Trois mois plus tard, alors que la situation sur la ligne de front se complique pour les forces ukrainiennes, notamment au niveau de la localité de Chasiv Yar, dont le contrôle permettrait aux forces russes de pousser vers les villes de Kramatorsk et Sloviansk ainsi que vers le secteur de Dnipropetrovsk, le GUR revient sur le feu de la corvette Serpukhov en apportant de nouvelles précisions.
Ainsi, le navire russe a fait l’objet de l’opération spéciale « Rybalka » (« Pêcheur »), qui n’est pas sans rappeler celle baptisée « Synytsia » (« Mésange »), qui a permis au GUR de mettre la main sur un hélicoptère russe Mil Mi-8 chargé de pièces détachées pour avions de combat en août 2023. Pour rappel, ce coup d’État n’a pu réussir que grâce à la défection du pilote de l’appareil.
En effet, lors d’une conférence de presse tenue le 3 juillet, le porte-parole du GUR Andriy Yusov a expliqué que, prévue pour 2023, l’opération « Rybalka » avait été menée par un marin de l’équipage de la corvette qui avait décidé de faire défection.

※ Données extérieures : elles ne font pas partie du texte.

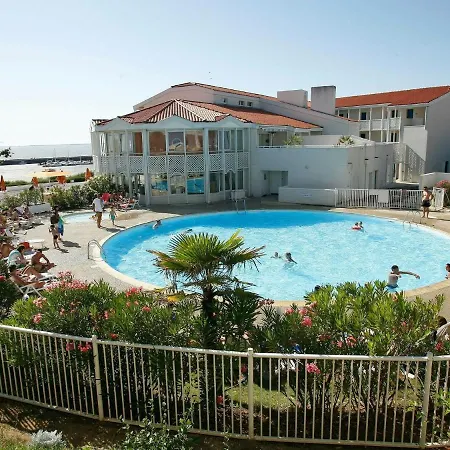With A View On The Pool Or Sea Near Boyard *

Surnommé « Goga », il avait auparavant contacté les services secrets militaires ukrainiens et accepté de « neutraliser » le navire sur lequel il servait. D’où les images de l’engin incendiaire produites par Kiev. Mieux, il aurait également fourni « des informations secrètes sur la flotte de la Baltique et l’industrie militaire russe ». Ce qui semble suggérer qu’il n’était pas qu’un simple marin… Selon ses déclarations, il comptait 11 ans de service au moment des faits.
« C’était notre première opération contre la flotte de la Baltique. Pour l’ennemi, c’était un choc et une grande surprise. Après cette opération, il y a eu des enquêtes, des sanctions et des remaniements. Il est clair que des têtes sont tombées », a déclaré le porte-parole du GUR, sans donner plus de détails.

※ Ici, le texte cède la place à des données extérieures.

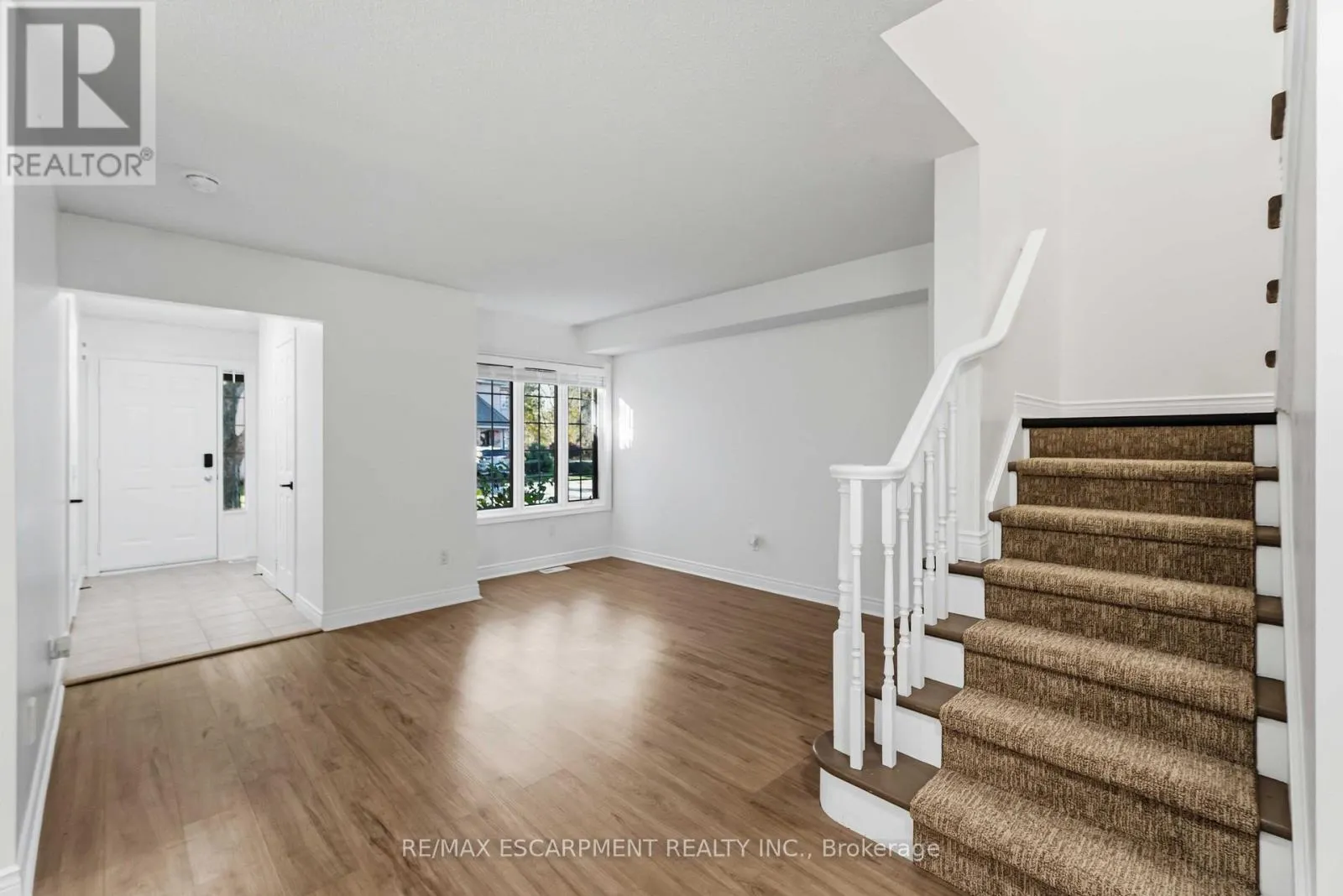 10 - 320 HAMILTON DRIVE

Quant au marin russe qui a saboté la corvette, il a réussi à s’échapper et à rejoindre la légion « Liberté de Russie ». Présent à la conférence de presse, il a déclaré avoir « tenté de démissionner » après le début de la guerre en Ukraine.

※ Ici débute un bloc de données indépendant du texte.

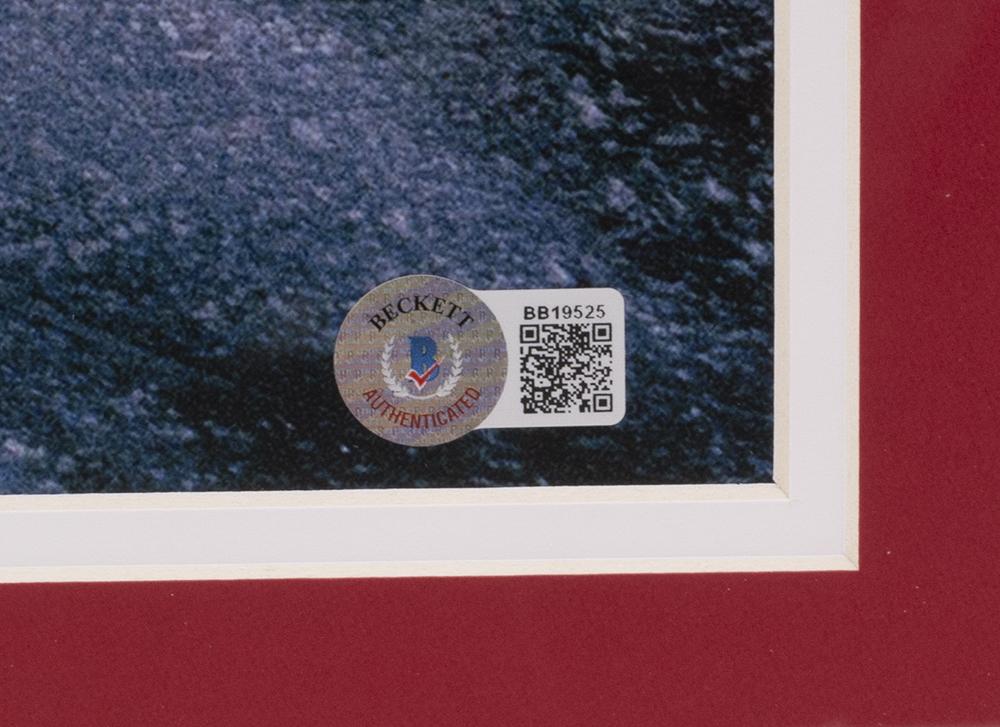 Gordie Howe Signed Red Wings Custom Framed Photo Inscribed "Mr. Hockey" (Beckett) at PristineAuction.com Gordie Howe Signed Red Wings Custom Framed Photo Inscribed "Mr. Hockey" (Beckett) at PristineAuction.com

« J’ai dit que je ne pouvais plus servir dans l’armée. Le commandant a été choqué en lisant cela. Il m’a immédiatement imposé un examen psychologique. Il pensait que je n’étais pas normal de m’opposer aux autorités. Un psychiatre a remis un rapport au commandement et à toutes les autorités pour décider de ce qu’il fallait faire de moi », a expliqué « Goga ».
« Le procureur a ouvert une procédure administrative contre moi. Le procureur a lu le rapport et a dit que je ne pouvais pas démissionner, que ce serait le premier et le dernier avertissement. Et il m’a laissé partir. Aucune sanction n’a été prise contre moi. Et j’ai continué à servir sur mon navire », a-t-il poursuivi… Et avec la suite que l’on connaît.
Mais il aurait sans doute mieux fait de rester dans l’ombre… car nul doute que les services russes tenteront de le retrouver pour lui faire subir le même sort que celui du capitaine Maxim Kouzminov, le transfuge de l’opération « Synytsia ». Réfugié en Espagne sous une nouvelle identité, il a été assassiné en février dernier, près d’Alicante.